I have the following table:
CREATE TABLE tbl (
id int NOT NULL
, date date NOT NULL
, cid int NOT NULL
, birth_place text NOT NULL
, location text NOT NULL
);
INSERT INTO tbl VALUES
(1 , '2022-01-01', 1, 'France' , 'Germany')
, (2 , '2022-01-30', 1, 'France' , 'France')
, (3 , '2022-01-25', 2, 'Spain' , 'Spain')
, (4 , '2022-01-12', 3, 'France' , 'France')
, (5 , '2022-02-01', 4, 'England', 'Italy')
, (6 , '2022-02-12', 1, 'France' , 'France')

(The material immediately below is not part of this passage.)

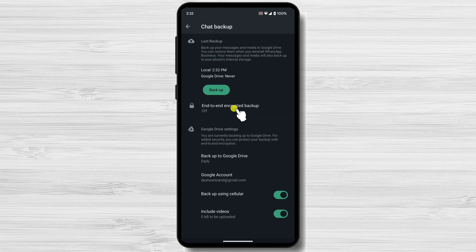Before we go to the next step, I want to talk about one more option: end-to-end encrypted backup. This option will make it so only you that knows a password can recover and restore a backup made. Please be aware that if you lose your passcode, your information will be lost, so be absolutely sure you want to activate this option.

, (7 , '2022-03-05', 5, 'Spain' , 'England')
, (8 , '2022-03-08', 2, 'Spain' , 'Spain')
, (9 , '2022-03-15', 2, 'Spain' , 'Spain')
, (10, '2022-03-30', 5, 'Spain' , 'Italy')

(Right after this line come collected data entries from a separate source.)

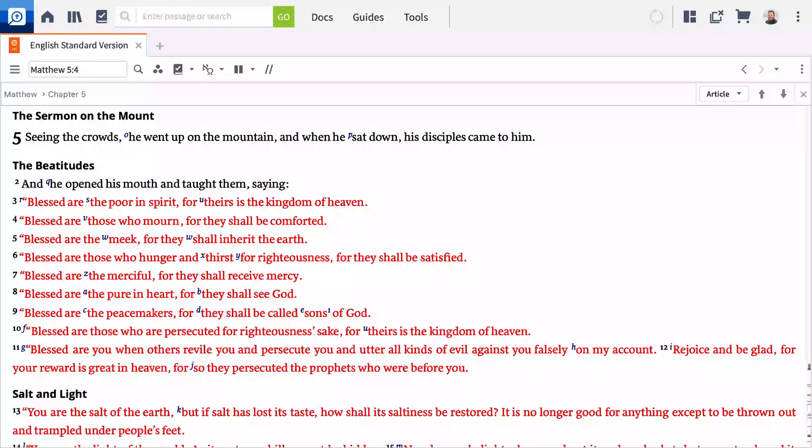Let's imagine you're studying the Sermon on the Mount in Matthew chapter 5, and you come across the word 'blessed.'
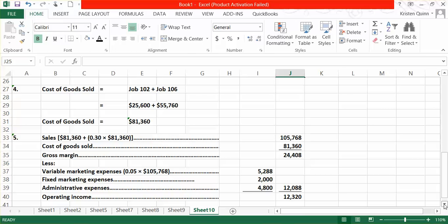Remember, when you're doing a traditional income statement, we segregate our costs by product or period. Our cost of goods sold represents our product cost, what it cost us to create our jobs or our product, and our period costs, all other costs associated with running and operating our business. That includes selling and administrative expenses.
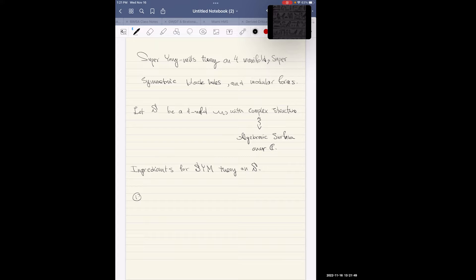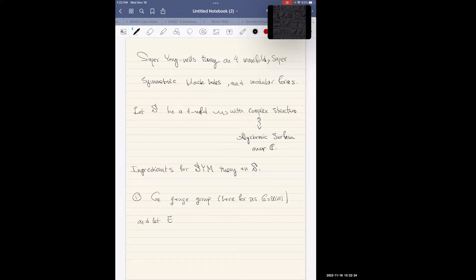Super Yang-Mills theory has an underlying four-dimensional space — a four-manifold with complex structure, which is an algebraic surface. Then we need the gauge group G. For us we would like G equal to U(N), the unitary gauge group. And let E be a principal G-bundle over S.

, (11, '2022-03-22', 4, 'England', 'England')
, (12, '2022-03-22', 3, 'France' , 'England');
I need to count distinct customers (= cid
) per month and location - with a special twist:
If a customer they went back to their birth place (location = birth_place
) during any given month, give priority to that location. Else pick one location per month and customer arbitrarily.
My desired output:
date location count
2022-01-01 France 2
2022-01-01 Spain 1
2022-02-01 Italy 1
2022-02-01 France 1
2022-03-01 Spain 1
2022-03-01 England 3
cid
1 in 2022-01-01 had a location = birth_place
, and no other customer had Germany as location in that time period, hence there is no Germany in my desired output location.
This is my current query:
with
t as (
select id, date_trunc('month', date)::date AS date, cid, birth_place, location
from tbl),
t1 as (
select date, cid, location
from t
where birth_place = location),
t2 as (
select date, cid, location, row_number() over (partition by date, cid order by date) as row
from t
where birth_place <> location),
t3 as (
select t.*,
case
when t1.location is not null then t1.location
else t2.location
end as new_loc
from t
left join t1
on t.cid = t1.cid and t.date = t1.date
left join t2
on t.cid = t2.cid and t.date = t2.date and t2.row = 1)
select date, new_loc, count(distinct cid)
from t3
group by 1, 2
order by 1, 2
It works, but it seems inefficient for 100 million rows.
I am looking for a more efficient way.